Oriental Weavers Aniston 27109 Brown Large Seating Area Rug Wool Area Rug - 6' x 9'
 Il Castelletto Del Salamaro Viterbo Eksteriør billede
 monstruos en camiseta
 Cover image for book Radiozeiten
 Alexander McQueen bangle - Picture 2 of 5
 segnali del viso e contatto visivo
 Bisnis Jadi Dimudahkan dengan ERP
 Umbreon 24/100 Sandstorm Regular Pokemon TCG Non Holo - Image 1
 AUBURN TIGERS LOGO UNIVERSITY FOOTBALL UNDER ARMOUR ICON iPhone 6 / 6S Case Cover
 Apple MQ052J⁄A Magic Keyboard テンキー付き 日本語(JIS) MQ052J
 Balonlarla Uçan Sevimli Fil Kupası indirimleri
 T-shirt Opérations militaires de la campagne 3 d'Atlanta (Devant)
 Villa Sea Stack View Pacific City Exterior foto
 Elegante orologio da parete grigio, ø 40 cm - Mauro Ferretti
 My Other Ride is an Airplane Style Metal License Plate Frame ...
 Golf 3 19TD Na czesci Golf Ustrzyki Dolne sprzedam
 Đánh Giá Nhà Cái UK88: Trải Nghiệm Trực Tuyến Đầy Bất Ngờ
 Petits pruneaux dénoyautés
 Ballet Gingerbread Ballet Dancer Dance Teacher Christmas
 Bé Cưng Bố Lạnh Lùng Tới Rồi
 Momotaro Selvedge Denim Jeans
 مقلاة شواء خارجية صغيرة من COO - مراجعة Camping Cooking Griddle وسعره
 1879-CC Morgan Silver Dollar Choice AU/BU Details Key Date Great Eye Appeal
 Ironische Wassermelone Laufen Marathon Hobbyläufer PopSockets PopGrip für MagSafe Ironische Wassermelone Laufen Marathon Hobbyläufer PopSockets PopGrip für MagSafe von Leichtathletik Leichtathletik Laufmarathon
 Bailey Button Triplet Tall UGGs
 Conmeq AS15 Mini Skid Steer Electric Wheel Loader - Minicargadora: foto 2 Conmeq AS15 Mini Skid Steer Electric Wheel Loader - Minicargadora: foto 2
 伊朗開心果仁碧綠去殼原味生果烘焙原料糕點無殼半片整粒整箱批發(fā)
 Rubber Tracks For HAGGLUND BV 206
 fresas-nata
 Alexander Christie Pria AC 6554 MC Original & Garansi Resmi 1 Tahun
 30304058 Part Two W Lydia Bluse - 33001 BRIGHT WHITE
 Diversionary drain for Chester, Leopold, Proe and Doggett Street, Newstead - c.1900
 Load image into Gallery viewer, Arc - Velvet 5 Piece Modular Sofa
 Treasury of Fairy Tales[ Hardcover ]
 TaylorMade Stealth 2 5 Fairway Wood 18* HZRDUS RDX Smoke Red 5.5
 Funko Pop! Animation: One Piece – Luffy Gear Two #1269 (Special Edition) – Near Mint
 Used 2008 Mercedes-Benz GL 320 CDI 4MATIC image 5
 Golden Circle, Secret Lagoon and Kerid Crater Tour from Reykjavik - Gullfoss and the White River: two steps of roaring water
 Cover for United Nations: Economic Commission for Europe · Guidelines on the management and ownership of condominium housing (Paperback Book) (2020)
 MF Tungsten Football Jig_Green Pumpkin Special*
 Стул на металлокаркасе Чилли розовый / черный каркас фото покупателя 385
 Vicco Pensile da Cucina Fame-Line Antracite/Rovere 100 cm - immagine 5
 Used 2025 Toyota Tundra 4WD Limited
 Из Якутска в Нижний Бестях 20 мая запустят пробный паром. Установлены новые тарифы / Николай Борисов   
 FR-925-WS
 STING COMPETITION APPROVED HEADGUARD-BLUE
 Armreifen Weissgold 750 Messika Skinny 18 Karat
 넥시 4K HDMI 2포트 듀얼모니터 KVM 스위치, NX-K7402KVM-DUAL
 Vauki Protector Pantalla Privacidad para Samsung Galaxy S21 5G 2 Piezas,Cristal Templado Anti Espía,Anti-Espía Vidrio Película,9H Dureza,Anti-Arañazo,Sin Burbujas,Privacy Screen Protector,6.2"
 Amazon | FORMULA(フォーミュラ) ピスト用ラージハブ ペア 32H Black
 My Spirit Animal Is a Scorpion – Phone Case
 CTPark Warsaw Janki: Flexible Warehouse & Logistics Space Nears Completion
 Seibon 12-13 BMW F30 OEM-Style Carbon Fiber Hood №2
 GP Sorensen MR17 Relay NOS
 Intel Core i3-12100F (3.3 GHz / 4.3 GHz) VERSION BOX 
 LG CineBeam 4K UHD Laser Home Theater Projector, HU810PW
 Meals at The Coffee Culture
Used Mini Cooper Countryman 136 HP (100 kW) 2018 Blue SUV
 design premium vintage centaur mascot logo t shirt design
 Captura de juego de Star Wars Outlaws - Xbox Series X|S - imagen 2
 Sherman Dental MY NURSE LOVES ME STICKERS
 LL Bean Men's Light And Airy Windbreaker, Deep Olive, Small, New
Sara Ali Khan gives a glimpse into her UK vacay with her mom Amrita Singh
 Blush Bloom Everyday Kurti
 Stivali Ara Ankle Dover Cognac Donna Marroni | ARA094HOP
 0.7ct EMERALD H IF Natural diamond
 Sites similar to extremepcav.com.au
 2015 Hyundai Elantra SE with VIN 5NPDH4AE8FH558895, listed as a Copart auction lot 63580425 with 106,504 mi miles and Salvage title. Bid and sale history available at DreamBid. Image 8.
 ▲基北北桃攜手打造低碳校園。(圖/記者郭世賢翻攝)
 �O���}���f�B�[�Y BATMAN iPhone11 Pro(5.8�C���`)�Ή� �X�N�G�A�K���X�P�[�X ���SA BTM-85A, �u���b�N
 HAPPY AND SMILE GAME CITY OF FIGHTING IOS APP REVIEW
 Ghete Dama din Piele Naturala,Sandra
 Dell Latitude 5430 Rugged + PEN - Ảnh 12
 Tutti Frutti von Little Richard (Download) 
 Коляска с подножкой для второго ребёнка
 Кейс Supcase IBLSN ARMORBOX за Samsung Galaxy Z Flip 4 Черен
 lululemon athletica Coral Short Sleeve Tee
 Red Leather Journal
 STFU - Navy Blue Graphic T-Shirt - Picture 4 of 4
....
Exercise brief: Take the entries above and transcribe them exactly as they stand.

The answer:
Oriental Weavers Aniston 27109 Brown Large Seating Area Rug Wool Area Rug - 6' x 9'
 Il Castelletto Del Salamaro Viterbo Eksteriør billede
 monstruos en camiseta
 Cover image for book Radiozeiten
 Alexander McQueen bangle - Picture 2 of 5
 segnali del viso e contatto visivo
 Bisnis Jadi Dimudahkan dengan ERP
 Umbreon 24/100 Sandstorm Regular Pokemon TCG Non Holo - Image 1
 AUBURN TIGERS LOGO UNIVERSITY FOOTBALL UNDER ARMOUR ICON iPhone 6 / 6S Case Cover
 Apple MQ052J⁄A Magic Keyboard テンキー付き 日本語(JIS) MQ052J
 Balonlarla Uçan Sevimli Fil Kupası indirimleri
 T-shirt Opérations militaires de la campagne 3 d'Atlanta (Devant)
 Villa Sea Stack View Pacific City Exterior foto
 Elegante orologio da parete grigio, ø 40 cm - Mauro Ferretti
 My Other Ride is an Airplane Style Metal License Plate Frame ...
 Golf 3 19TD Na czesci Golf Ustrzyki Dolne sprzedam
 Đánh Giá Nhà Cái UK88: Trải Nghiệm Trực Tuyến Đầy Bất Ngờ
 Petits pruneaux dénoyautés
 Ballet Gingerbread Ballet Dancer Dance Teacher Christmas
 Bé Cưng Bố Lạnh Lùng Tới Rồi
 Momotaro Selvedge Denim Jeans
 مقلاة شواء خارجية صغيرة من COO - مراجعة Camping Cooking Griddle وسعره
 1879-CC Morgan Silver Dollar Choice AU/BU Details Key Date Great Eye Appeal
 Ironische Wassermelone Laufen Marathon Hobbyläufer PopSockets PopGrip für MagSafe Ironische Wassermelone Laufen Marathon Hobbyläufer PopSockets PopGrip für MagSafe von Leichtathletik Leichtathletik Laufmarathon
 Bailey Button Triplet Tall UGGs
 Conmeq AS15 Mini Skid Steer Electric Wheel Loader - Minicargadora: foto 2 Conmeq AS15 Mini Skid Steer Electric Wheel Loader - Minicargadora: foto 2
 伊朗開心果仁碧綠去殼原味生果烘焙原料糕點無殼半片整粒整箱批發(fā)
 Rubber Tracks For HAGGLUND BV 206
 fresas-nata
 Alexander Christie Pria AC 6554 MC Original & Garansi Resmi 1 Tahun
 30304058 Part Two W Lydia Bluse - 33001 BRIGHT WHITE
 Diversionary drain for Chester, Leopold, Proe and Doggett Street, Newstead - c.1900
 Load image into Gallery viewer, Arc - Velvet 5 Piece Modular Sofa
 Treasury of Fairy Tales[ Hardcover ]
 TaylorMade Stealth 2 5 Fairway Wood 18* HZRDUS RDX Smoke Red 5.5
 Funko Pop! Animation: One Piece – Luffy Gear Two #1269 (Special Edition) – Near Mint
 Used 2008 Mercedes-Benz GL 320 CDI 4MATIC image 5
 Golden Circle, Secret Lagoon and Kerid Crater Tour from Reykjavik - Gullfoss and the White River: two steps of roaring water
 Cover for United Nations: Economic Commission for Europe · Guidelines on the management and ownership of condominium housing (Paperback Book) (2020)
 MF Tungsten Football Jig_Green Pumpkin Special*
 Стул на металлокаркасе Чилли розовый / черный каркас фото покупателя 385
 Vicco Pensile da Cucina Fame-Line Antracite/Rovere 100 cm - immagine 5
 Used 2025 Toyota Tundra 4WD Limited
 Из Якутска в Нижний Бестях 20 мая запустят пробный паром. Установлены новые тарифы / Николай Борисов   
 FR-925-WS
 STING COMPETITION APPROVED HEADGUARD-BLUE
 Armreifen Weissgold 750 Messika Skinny 18 Karat
 넥시 4K HDMI 2포트 듀얼모니터 KVM 스위치, NX-K7402KVM-DUAL
 Vauki Protector Pantalla Privacidad para Samsung Galaxy S21 5G 2 Piezas,Cristal Templado Anti Espía,Anti-Espía Vidrio Película,9H Dureza,Anti-Arañazo,Sin Burbujas,Privacy Screen Protector,6.2"
 Amazon | FORMULA(フォーミュラ) ピスト用ラージハブ ペア 32H Black
 My Spirit Animal Is a Scorpion – Phone Case
 CTPark Warsaw Janki: Flexible Warehouse & Logistics Space Nears Completion
 Seibon 12-13 BMW F30 OEM-Style Carbon Fiber Hood №2
 GP Sorensen MR17 Relay NOS
 Intel Core i3-12100F (3.3 GHz / 4.3 GHz) VERSION BOX 
 LG CineBeam 4K UHD Laser Home Theater Projector, HU810PW
 Meals at The Coffee Culture
Used Mini Cooper Countryman 136 HP (100 kW) 2018 Blue SUV
 design premium vintage centaur mascot logo t shirt design
 Captura de juego de Star Wars Outlaws - Xbox Series X|S - imagen 2
 Sherman Dental MY NURSE LOVES ME STICKERS
 LL Bean Men's Light And Airy Windbreaker, Deep Olive, Small, New
Sara Ali Khan gives a glimpse into her UK vacay with her mom Amrita Singh
 Blush Bloom Everyday Kurti
 Stivali Ara Ankle Dover Cognac Donna Marroni | ARA094HOP
 0.7ct EMERALD H IF Natural diamond
 Sites similar to extremepcav.com.au
 2015 Hyundai Elantra SE with VIN 5NPDH4AE8FH558895, listed as a Copart auction lot 63580425 with 106,504 mi miles and Salvage title. Bid and sale history available at DreamBid. Image 8.
 ▲基北北桃攜手打造低碳校園。(圖/記者郭世賢翻攝)
 �O���}���f�B�[�Y BATMAN iPhone11 Pro(5.8�C���`)�Ή� �X�N�G�A�K���X�P�[�X ���SA BTM-85A, �u���b�N
 HAPPY AND SMILE GAME CITY OF FIGHTING IOS APP REVIEW
 Ghete Dama din Piele Naturala,Sandra
 Dell Latitude 5430 Rugged + PEN - Ảnh 12
 Tutti Frutti von Little Richard (Download) 
 Коляска с подножкой для второго ребёнка
 Кейс Supcase IBLSN ARMORBOX за Samsung Galaxy Z Flip 4 Черен
 lululemon athletica Coral Short Sleeve Tee
 Red Leather Journal
 STFU - Navy Blue Graphic T-Shirt - Picture 4 of 4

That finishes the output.